═══ Source data ═══

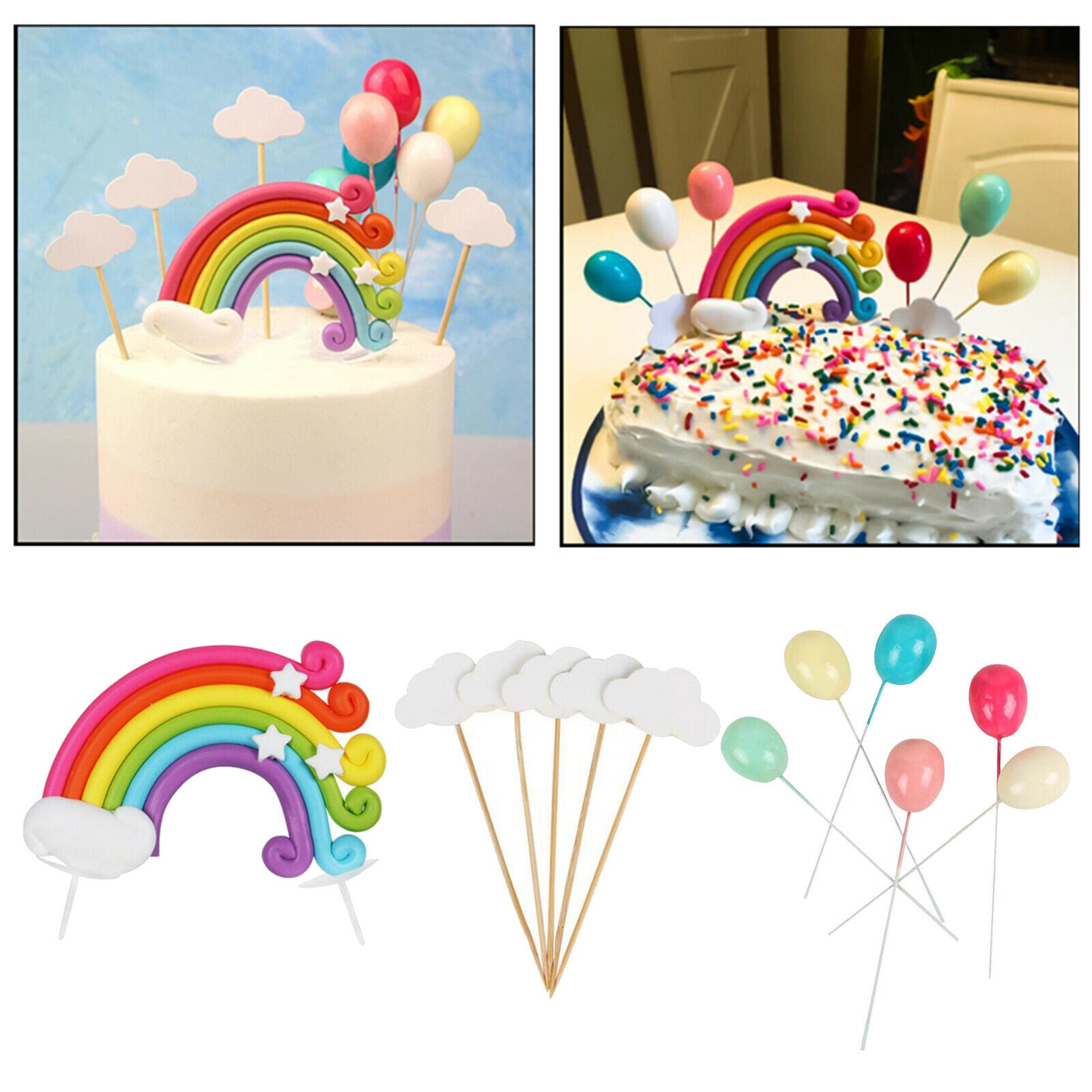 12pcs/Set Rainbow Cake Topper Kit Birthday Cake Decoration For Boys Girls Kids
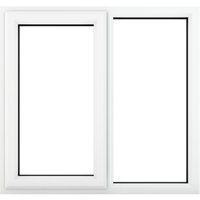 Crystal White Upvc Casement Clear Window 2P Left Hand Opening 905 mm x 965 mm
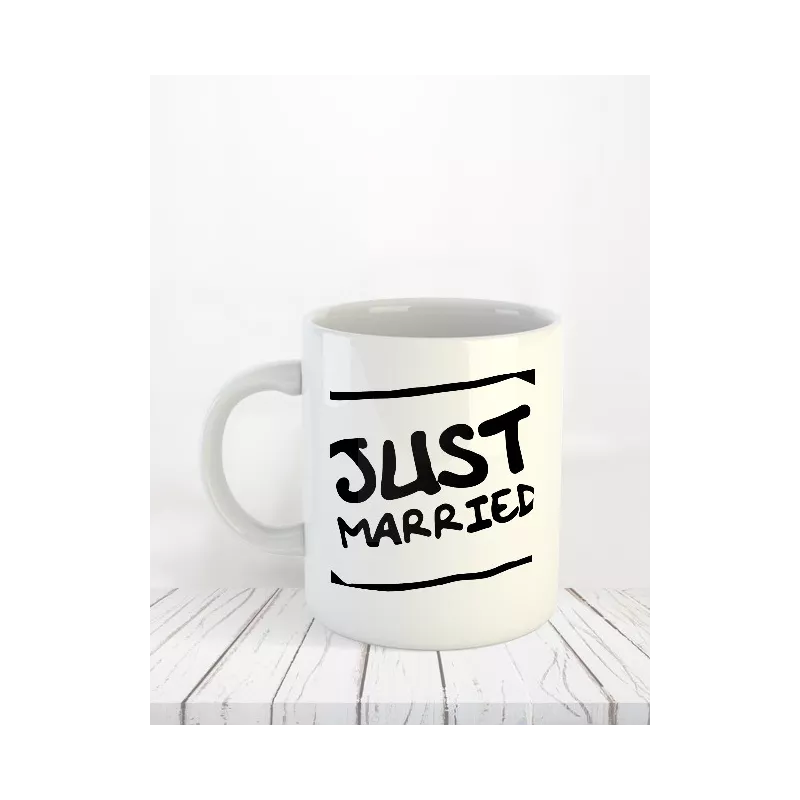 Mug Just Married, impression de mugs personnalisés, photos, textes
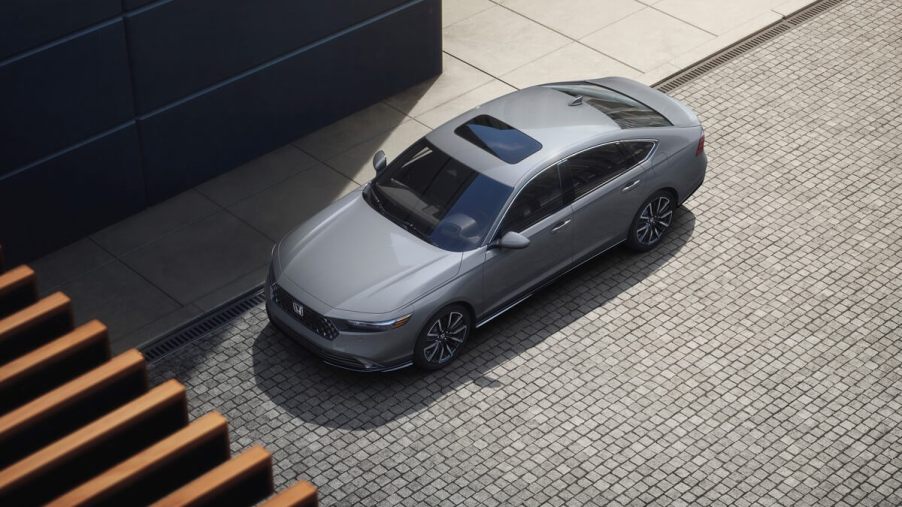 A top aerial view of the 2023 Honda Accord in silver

═══

* **Exercise requirements**
From the first line to the last, set down the data exactly, without the pictures.

* **Answer box**
 12pcs/Set Rainbow Cake Topper Kit Birthday Cake Decoration For Boys Girls Kids
 Crystal White Upvc Casement Clear Window 2P Left Hand Opening 905 mm x 965 mm
 Mug Just Married, impression de mugs personnalisés, photos, textes
 A top aerial view of the 2023 Honda Accord in silver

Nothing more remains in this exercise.